*** Supplied data ***
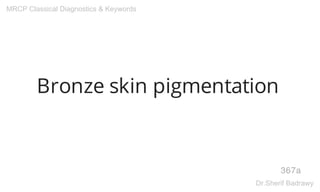 Bronze skin pigmentation
367a
MRCP Classical Diagnostics & Keywords
Dr.Sherif Badrawy
 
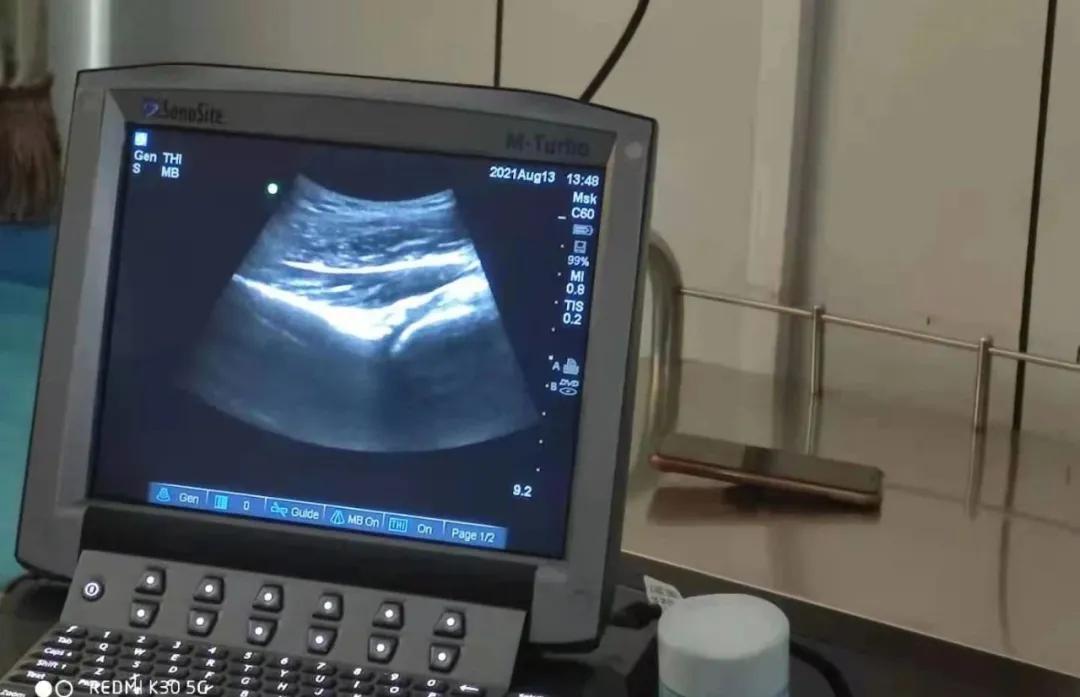 「你是我的眼」——记超声引导下精准疼痛治疗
*** End of Supplied data ***
In the reply, each line of the data must appear exactly as written, and no picture may appear.

#### Solved problem
 Bronze skin pigmentation
367a
MRCP Classical Diagnostics & Keywords
Dr.Sherif Badrawy
 
 「你是我的眼」——记超声引导下精准疼痛治疗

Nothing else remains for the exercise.